The intent of for is for repeated execution of code. The intent of let is to create a scope. Make your code more readable and maintainable by using the language constructs for their intended purpose, rather than for their side effects. Seeing a for loop abused as you do above will likely make most readers wonder at the point of it.
function work(b)
sleep(2)
println(b)
end
for i = [10, 20, 30]
for j = i+1:i+4
t = Task(() -> work(j))
schedule(t)
end
sleep(1)
end
I “spawned” 3 * 4 tasks here.
The first 3 tasks are scheduled when i = 10, surely.
But the first 3 tasks might be executed at the time instant when i == 20 or i == 30, therefore the j is no longer the old ones, e.g. j is 21, 22, 23, 24 now.
Will the first 3 tasks still use the old j’s, i.e. 11, 12, 13, 14? Why is this guaranteed?
Imagine it is expanded as
i = 10
for j = [11, 12, 13, 14]
body1(j)
end
i = 20
for j = [21, 22, 23, 24]
body2(j)
end
i = 30
for j = [31, 32, 33, 34]
body3(j)
end
Is the j serving as the arg to body1 the same thing as the j serving as the arg to body2?
I’m really confused.
I have a proposition, based on the discussions above
the following line 1 and line 2 are completely equivalent operations
... some background
v = rand(8)
i = 7
for j = view(v, 1:i) Threads.@spawn work(j) end # line 1
for ȷ = i:i Threads.@spawn work($(v[ȷ])) end # line 2
... some background
If no disagreement, I think this topic is coming to an end.

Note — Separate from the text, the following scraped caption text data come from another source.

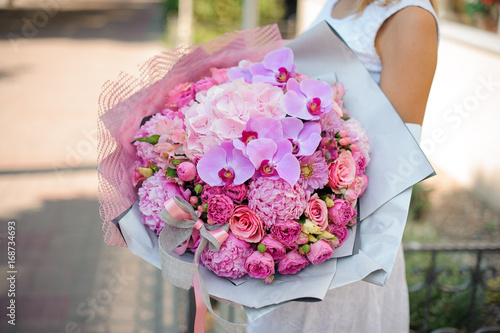 Wallpaper Mural Mixed bouquet and bride close up no face Torontodigital.ca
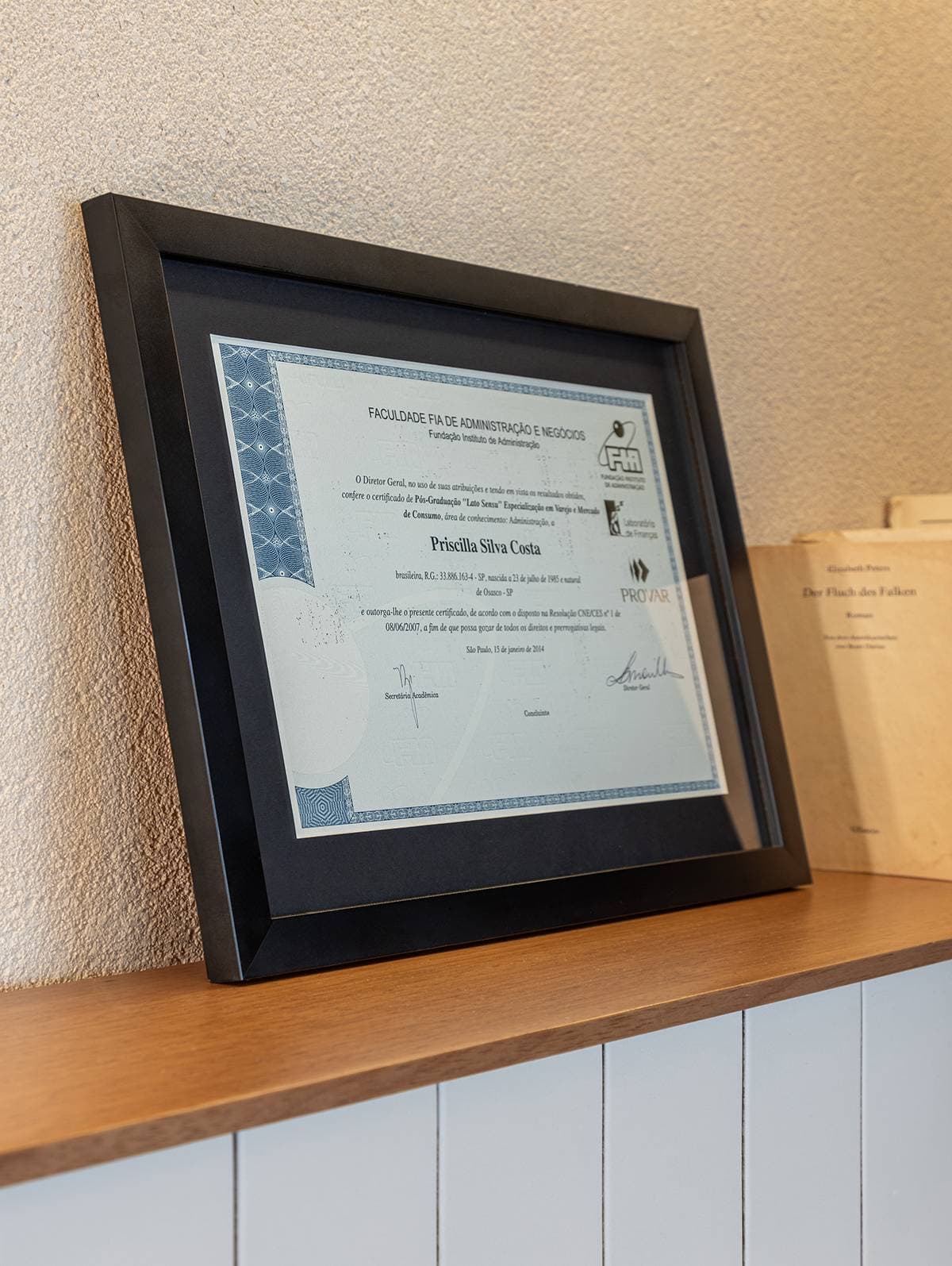 Diploma com passe-partout elegante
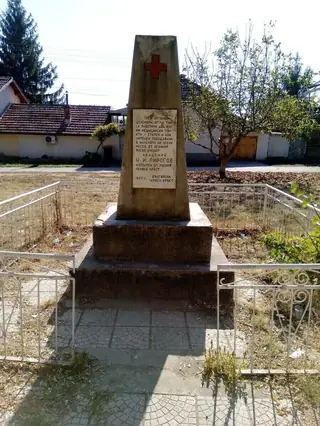 Паметник в памет на д-р Пирогов - Пордим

I’ve gained some deeper understanding (I hope so):
Taking this as an example
julia> function main()
for j = RANGE Threads.@spawn work( $(f(g(j))) ) end
end;
julia> @code_lowered main()
...
2 ┄
│ %10 = Main.f
│ %11 = Main.g
│ %12 = j
│ %13 = (%11)(%12)
│ %14 = (%10)(%13) # [COMMENT] THIS IS a _SNAPSHOT_ OF `f(g(j))`
│ 230 = %14
│ %16 = Base.Threads.Task
│ %17 = Main.:(var"#3#4") # [COMMENT] THIS IS `work` !
│ %18 = 230
│ %19 = Core.typeof(%18)
│ %20 = Core.apply_type(%17, %19)
│ %21 = 230
│ #3 = %new(%20, %21)
│ %23 = #3
│ task = (%16)(%23) # [COMMENT] TASK CREATED
....
I can see that the consequence of using $ is the cut-and-dried static variable %14, which is later again assigned to %21 and %23. Therefore, the snapshot value of f(g(j)) is already decided when the respective task is created.
This is not the case for work, which is assigned to %17 but is later unused, except in that type inference Core.apply_type. This suggest that work is volatile—if work mutates later, the executing of that respective task may use the mutated work.